The House of Commons environment, food and rural affairs committee is to start an inquiry into issues affecting marine mammals such as whales, dolphins and porpoises. The investigation by
the committee, which scrutinises the Defra work, will cover marine mammals in UK waters and worldwide.

The aim is better to understand the role that the UK can play in protecting these creatures.

Whales, dolphins and porpoises are a group of marine mammals collectively known as cetaceans. During the 19th and 20th centuries many cetacean populations collapsed due to over-hunting.

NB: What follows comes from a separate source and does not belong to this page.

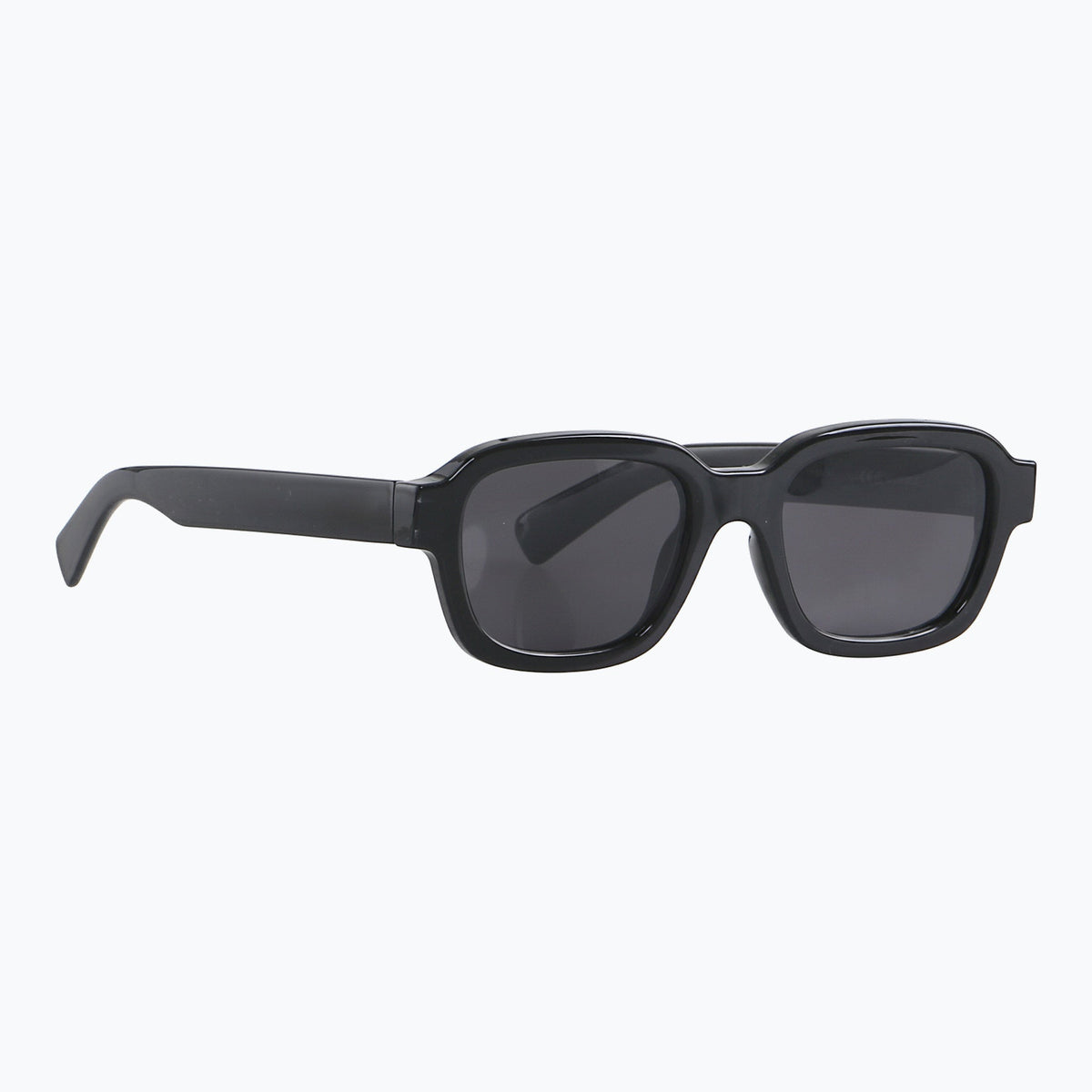 Jaxy Foundry Rectangle sunglasses — other-side view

A moratorium on the commercial hunting of whales was introduced in 1986 by the International Whaling Commission. The recovery from near extinction of some whale populations, such as humpback
whales, is considered a major conservation success story. However, some other populations, such as North Atlantic Right Whales remain critically endangered.

Despite the 1986 moratorium some counties such as Canada, Iceland, Japan, Norway, Russia, South Korea, and the United States continue to hunt whales. There are several reasons advanced for
this, from respecting traditional indigenous practices to commercial and scientific arguments. In February 2022 Iceland signalled that it aims to ban commercial whaling by 2024.

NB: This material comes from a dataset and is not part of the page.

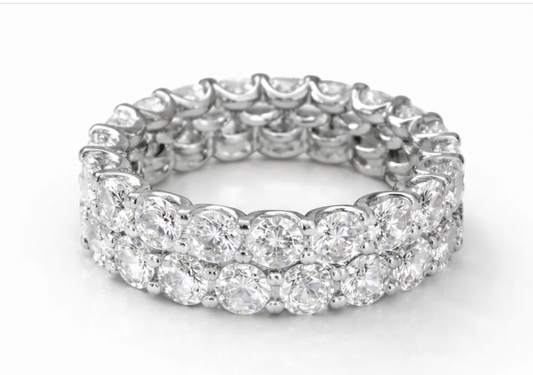 Ariella Ring Size 7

Beyond whaling there are several human-made hazards that threaten marine mammal populations. These include ocean noise, bycatch (where mammals are inadvertently caught by fishers), ship collision, pollution, climate change and other forms of habitat degradation. Furthermore, there have been reports that the number of cetacean ‘strandings’ (on land) is on the rise. The causes of these strandings are unclear, including any possible human causes.

Other marine mammal populations such as seals, manatees and dugongs are also thought to be affected by these human-made hazards.